The Ugliest Machine-made Paper?

Franklin

The Franklin Paper Co. Franklin Inlaid Sample book. Early-Mid 20th c.

Handmade paper generally has chain and laid lines. These were originally aspects formed by the making of paper, though are artificially replicated in machine made papers. What is called “fake” chain and laid lines are, in fact, thinner deposits of pulp in the paper, often made by a dandy roll. The chain and laid lines in the Franklin Inlaid paper are beyond fake, however. They are printed on the surface of the paper. The chain and laid lines in this paper were available in four colors.

Franklin Blue Book

The Franklin Paper Co. Franklin Inlaid Sample book. Early-Mid 20th c. Enlarged Detail.

As someone who routinely works with paper, I feel confident in describing this paper as pretty ugly. The chain and laid lines look more like mortar between brickwork than a thinner deposit of pulp.

But in the top image, if I can forget these are supposed to be chain and laid lines, it looks pretty good. With the expansive letterspacing, the chain and laid lines function as a ghostly background image. A faked material aspect of paper becomes part of the image.

2 Replies to “The Ugliest Machine-made Paper?”

  1. Am pleased that you’re lecturing at Syracuse (my University; I studied there with such achknowledged typographic experts as Laurence Siegfried and was graduate assistant to Dave Norton teaching graphic arts in the then Goudy Typographic Laboratory).
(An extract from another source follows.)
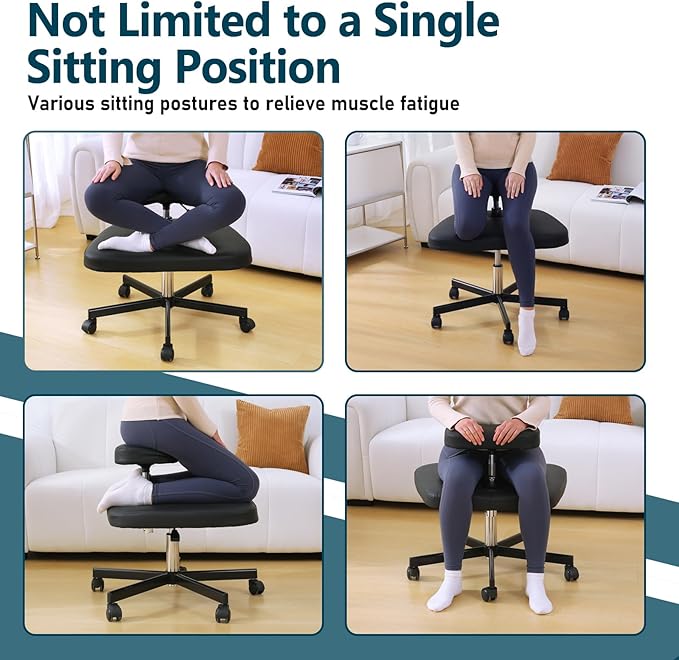 LHOOCX Meditation Chair ADHD Chair Ergonomic Cross Legged Chair with Wheels,Kneeling Chair for Office and Home,ADHD Chairs for Adults (Black)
I would hope that your lecture was/would be somewhat more advanced than the blog on mechanical “laid” paper which I thought any child who knew anything about papermaking would have learned on day one if not before. You might note that printing via letterpress on such stock can be tricky unless the paper has been dampened; offset, of course, offers no problems as the reproduction process readily accomodates the unevenness in the paper surface.
    Best regards.
    George Hamilton, Vienna (Austria)

  2. It seems you have missed the main point of this post, or I failed to express myself clearly. This paper does not have mechanically produced chain and laid lines, they are printed on the paper. Fake fake chain and laid lines, so to speak.